Deep Learning — Dataset

Source: Deep Learning on Medium


Part IV

The most important thing in order to create a good AI model is to have a good dataset. Deep Learning learns from data, and it is critical that you feed it with the right data for the problem you are trying to solve. What makes a good dataset? First of all, the selection of the right data that creates the dataset, and second that the data is in the right scale and format.

Data is typically broken into two major categories: quantitative and qualitative. So quantitative data deals with quantities whereas qualitative data deals with descriptions, qualities. Here is an example for qualitative data for a cup of coffee:

  1. Brown
  2. Strong aroma
  3. Hot
  4. Mild Aroma

Quantitative description will be:

  1. 106 calories
  2. 65 degrees Celsius
  3. $5.99 cost

Dataset Preparation Process

In order to train a neural network, you need to feed it with a list of tensors. A tensor is a generalization of vectors and matrices; in a general sense, an array of numbers arranged on a regular grid with a variable number of axes is known as a tensor. Also, the data will need to be selected from available data, normalized and transformed so that the algorithm can process it. Here is a 3-step process for data preparation:

Data Selection

In order to select data, first you need to understand the business domain and what problem are you trying to resolve. There is a natural tendency to believe that more data is better, but unfortunately that is not necessarily true. You need to consider what data you actually need to address the problem that you are trying to resolve.

Data Conditioning

The second step of the dataset conditioning consists of cleaning data and data normalization. This step is often viewed as a preprocessing step before data transformation.
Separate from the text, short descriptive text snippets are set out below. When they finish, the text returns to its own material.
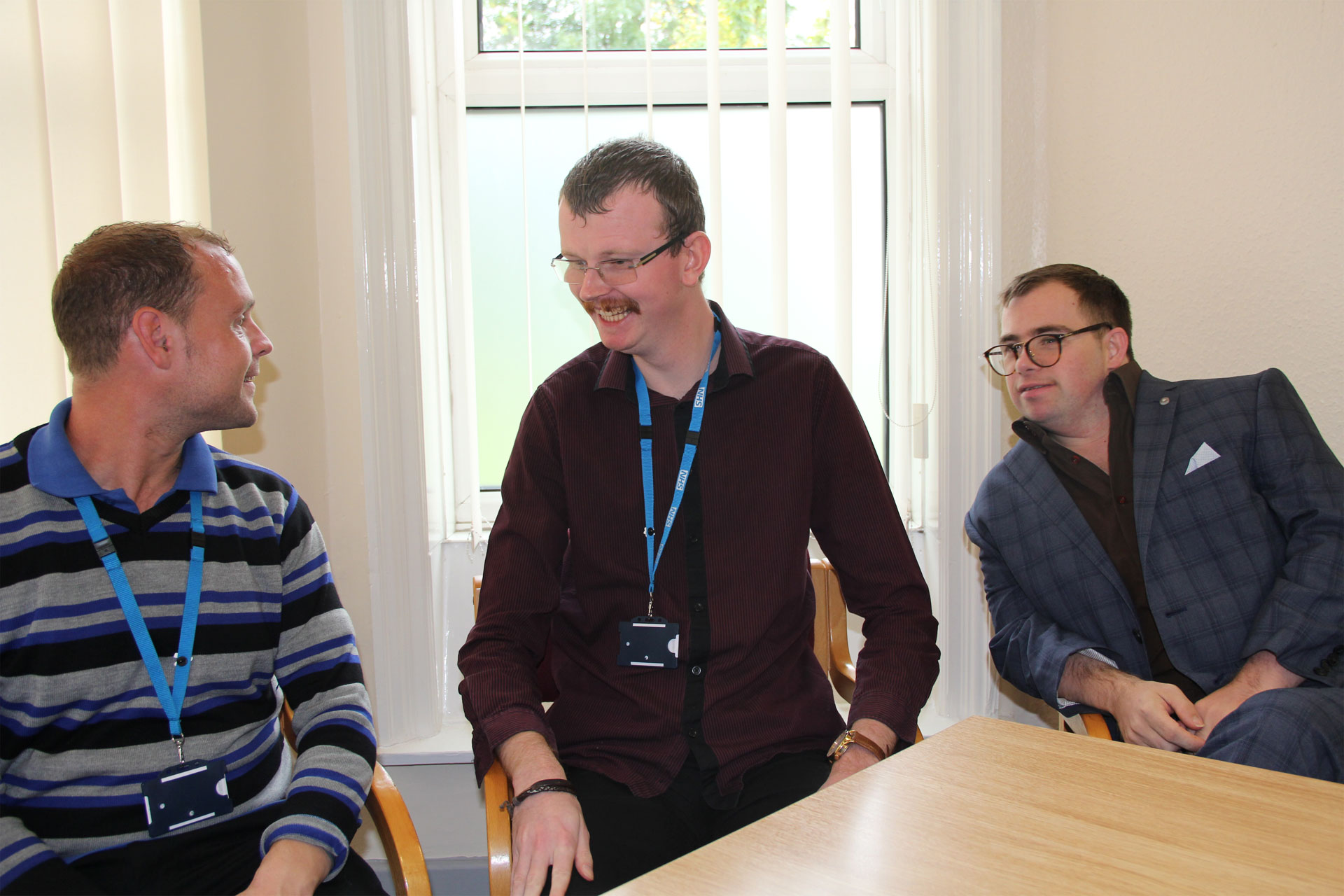 three-learning-disabilities-colleagues-sitting-talking-smiling.JPG
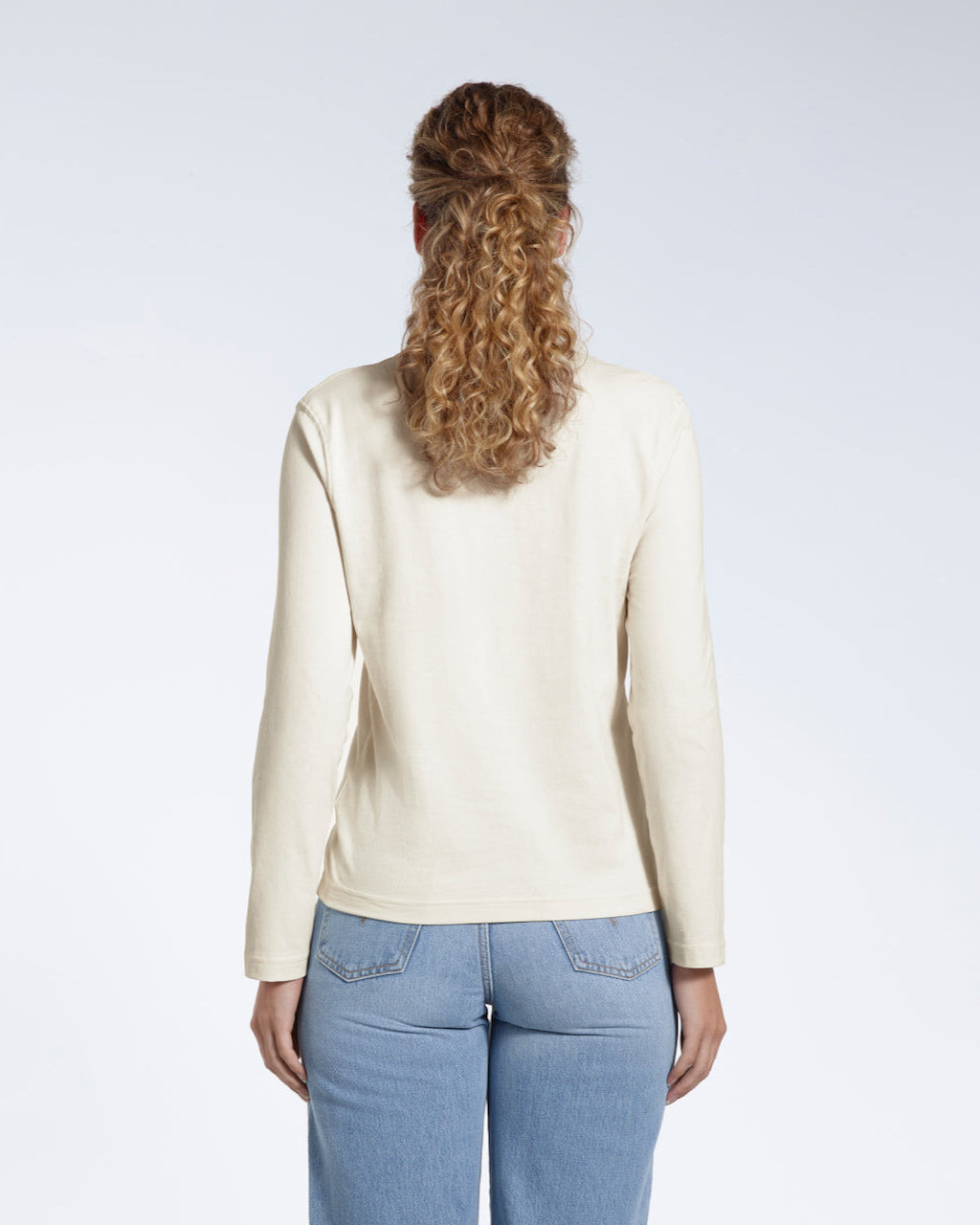 A woman facing away from the camera with her arms by her sides, modelling a plain ecru long sleeve organic cotton t shirt.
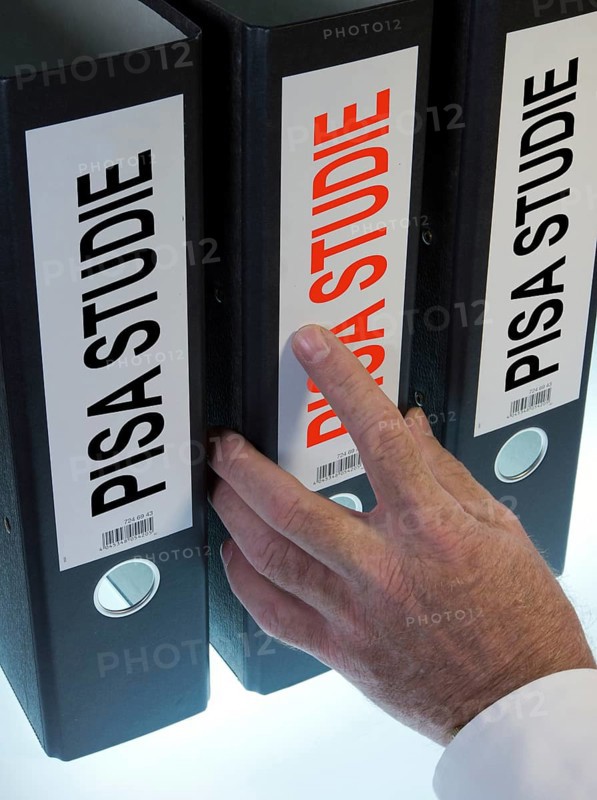 Hand reaching for a file folder labeled 'PISA-Studie'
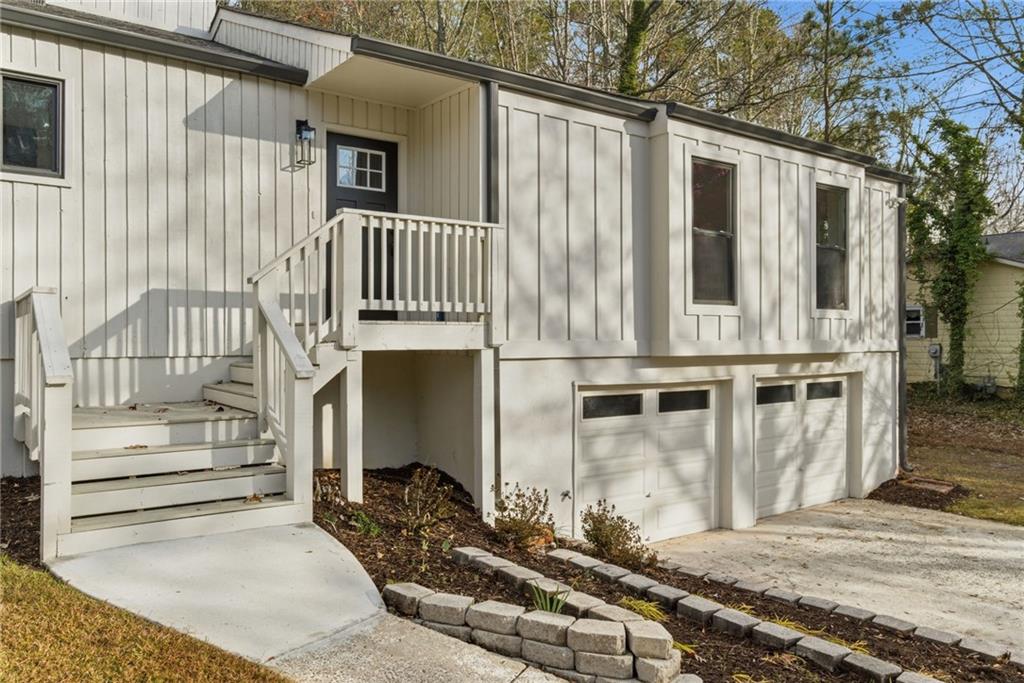 3447 Dry Creek Road Marietta, GA 30062 - Photo 4 of 50 a view of a house with a balcony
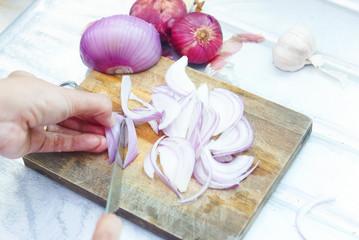 Female Hands Cutting Onions On Chopping Board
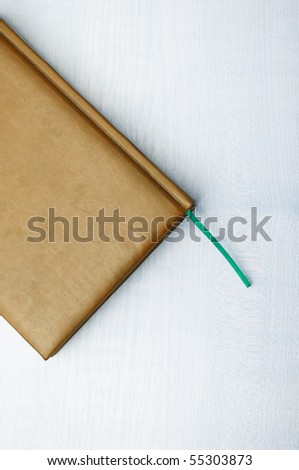 Detail of brown leather book laying on wooden table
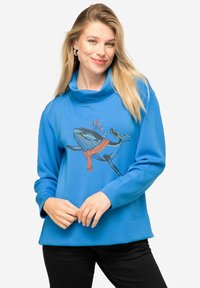 Sudadera azul claro con cuello de barco, que presenta un gráfico de una ballena con una bufanda roja. Textura suave con mangas largas y un ajuste relajado.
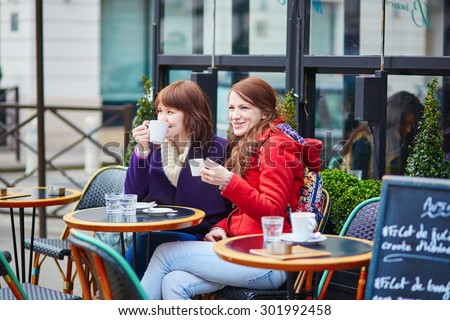 Two cheerful girls drinking coffee and chatting in a Parisian street cafe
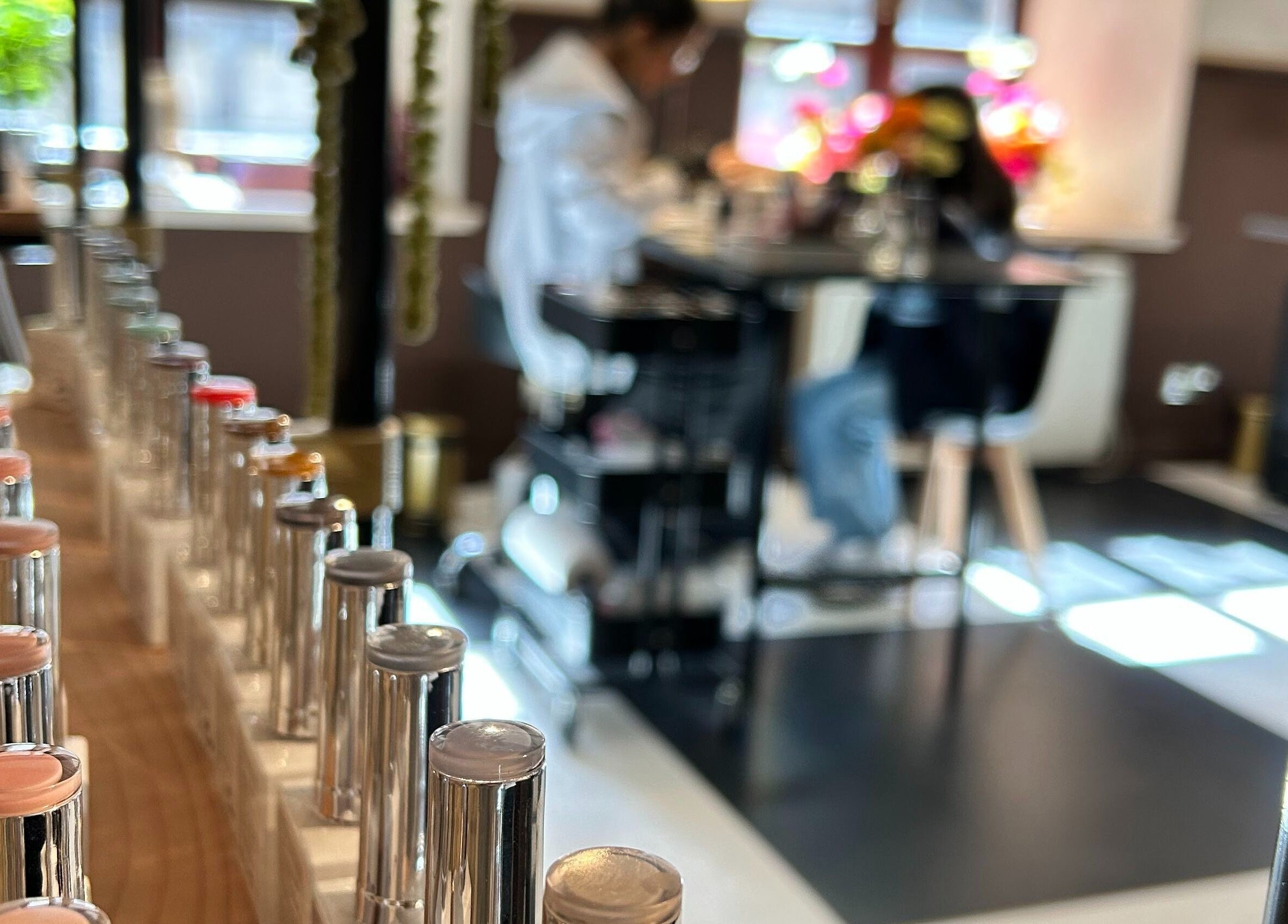 Claws and Pause in Edinburgh, Scotland, GB features a diverse nail polish selection and a cozy interior setting.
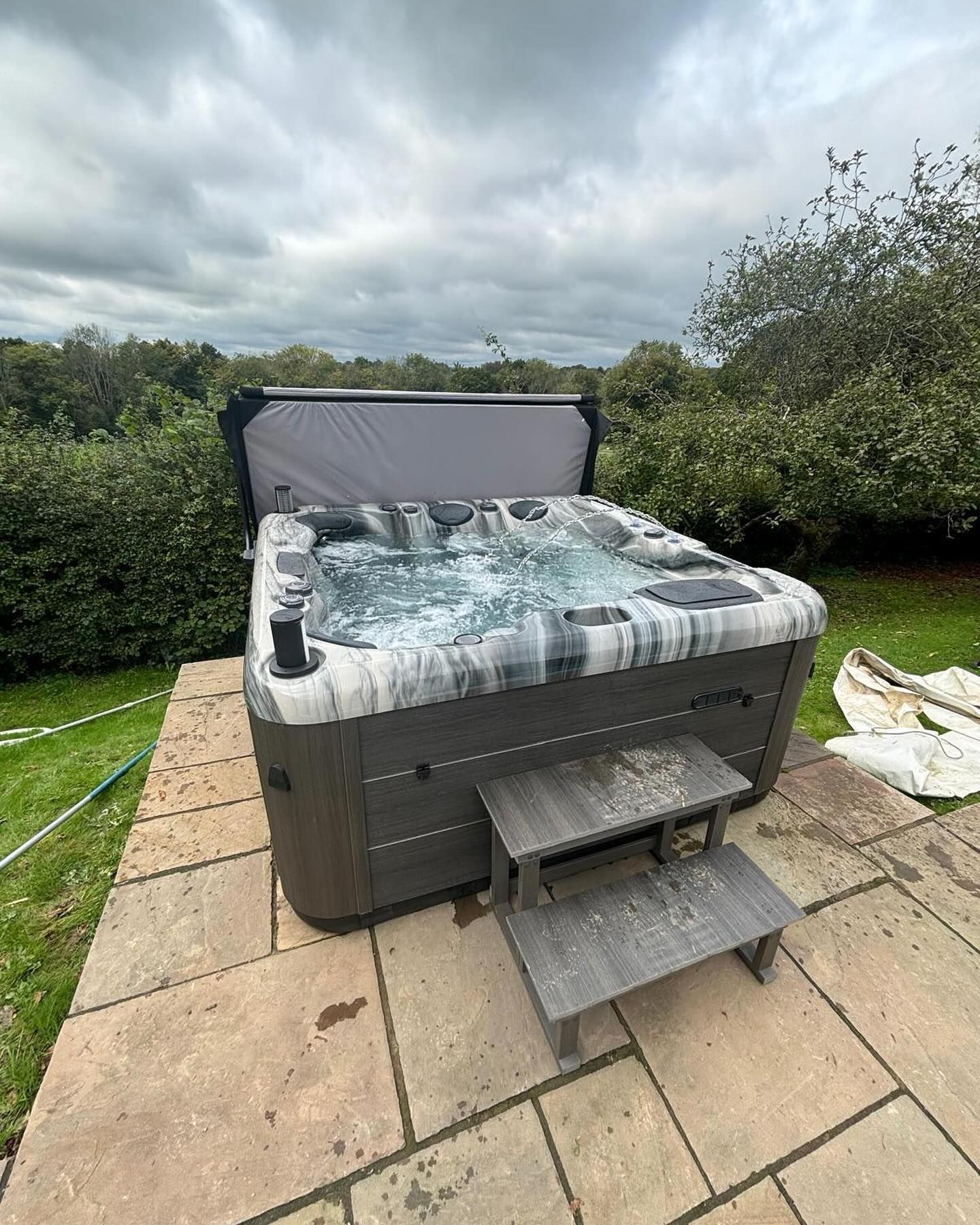 Hot tub with cover open, on a patio. Gray and black exterior with wooden steps. Lush green trees in background. Cloudy sky.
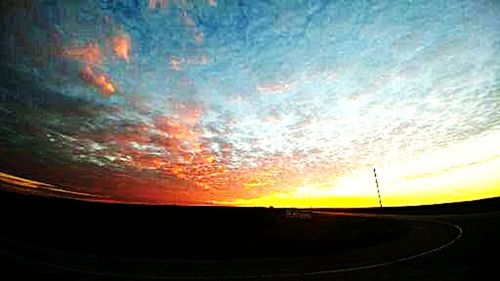 Road against sky during sunset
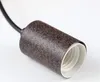 A close-up shot of a light socket with a speckled brown metal casing and a white interior. Anteprima dell’immagine prodotto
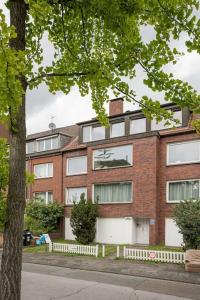 a brick building with a tree in front of it at - Cozy apartment in the heart of Duisburg with New York Design & Betten & Sofa - 5 Mins Central Station Hbf - Big TV & WiFi -· in Duisburg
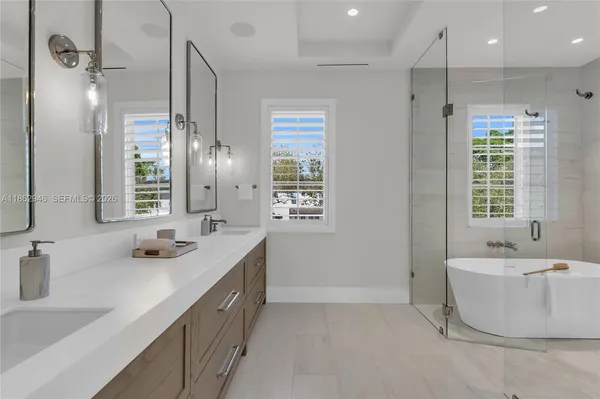 a bathroom with a double vanity sink large mirror and a bathtub
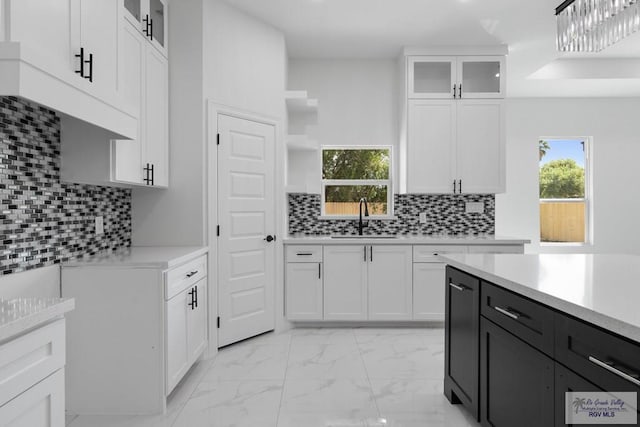 kitchen featuring white cabinets, decorative light fixtures, sink, and tasteful backsplash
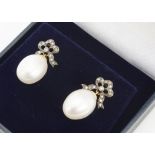 A pair of pearl and diamond earrings, the barrel shaped cultured pearls supported on diamond bows,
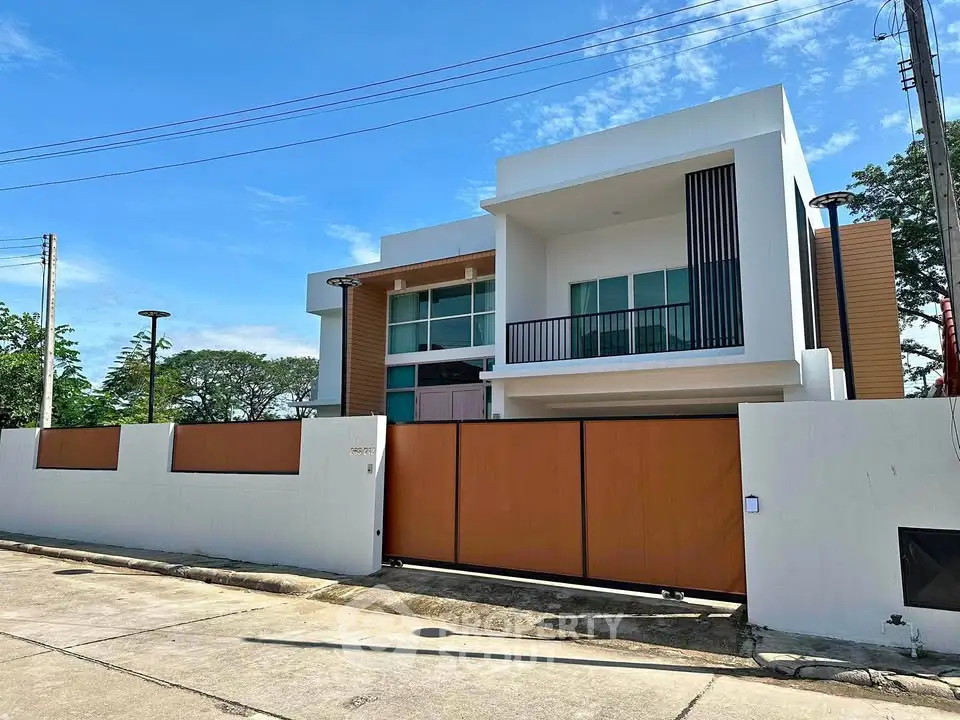Modern two-story house with sleek design and spacious driveway in a serene neighborhood.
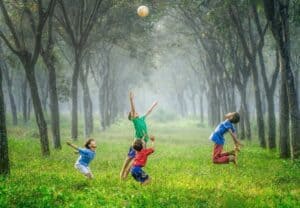 A little girl playing with a kite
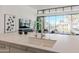 Modern kitchen with a marble island, stainless steel faucet, and a view to the outside at 6587 N Palmeraie Blvd # 2041, Paradise Valley, AZ 85253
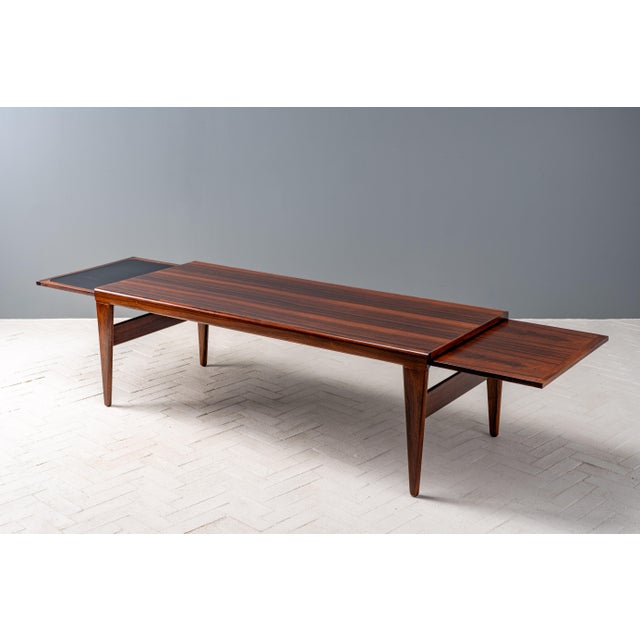 Denmark, ca. 1960s. An elegant yet substantial rosewood coffee table by Johannes Andersen. Features rosewood construction...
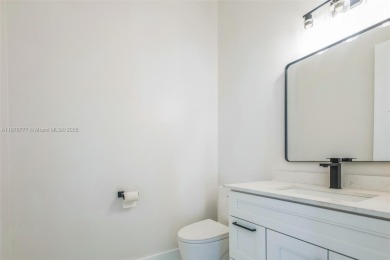 Complete modern remodeling. New Roof with 3 solar fans, Full on Heron Bay Golf Club in Florida - for sale on GolfHomes.com, golf home, golf lot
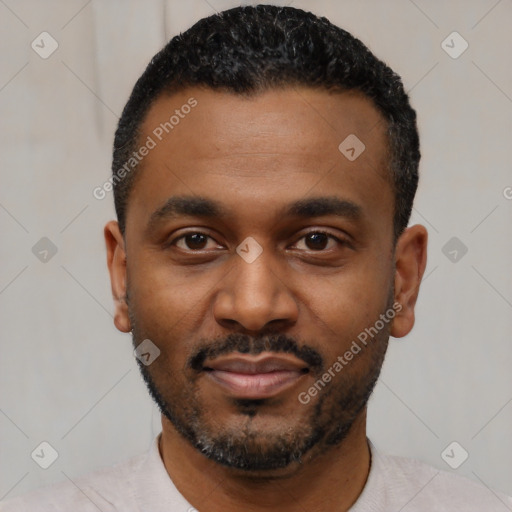 Joyful black young-adult male with short  black hair and brown eyes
Data that is prepared needs to be nominal, ordinal, interval or ratio. Nominal and ordinal observations are not inherently numeric, thus they need to be converted into a number that is meaningful for the deep learning algorithm.

Data Transformation

This is the step that transforms the dataset input data into format and ranges that our deep learning algorithms will be able to absorb. For example, the famous iris dataset has categorization as Iris-setosa, Iris-versicosa and Iris-virginica. In a case when we are building a multi-class classification problem using deep learning, it is needed to reshape the input from a vector that contains values for each class to be a matrix with boolean for each class value. Here is an example how is this done in Keras:

# load data
dataframe = read_csv("iris.csv", header=None)
dataset = dataframe.values
X = dataset[:, 0:4].astype(float)
Y = dataset[:, 4]
# Encoding labels
# encode class value as integers
encoder = LabelEncoder()
encoder.fit(Y)
encoded_Y = encoder.transform(Y)
# convert integers to dummy variables (i.e. one hot encoded)
dummy_y = np_utils.to_categorical(encoded_Y)

All inputs in a neural network must be tensors of floating point data (float32). The step to transform input data into tensor format is called data vectorization.

It is problematic to feed into a neural network values that take widely different ranges. The network might be able to automatically adapt to such data, but it will make learning more difficult. A best practice to deal with such data is for each feature in the input data to subtract the mean of the feature and divide it by the standard deviation so that the feature is centered around 0 and has a unit standard deviation. This is called data normalization. Data normalization is only done by calculating values from the training dataset.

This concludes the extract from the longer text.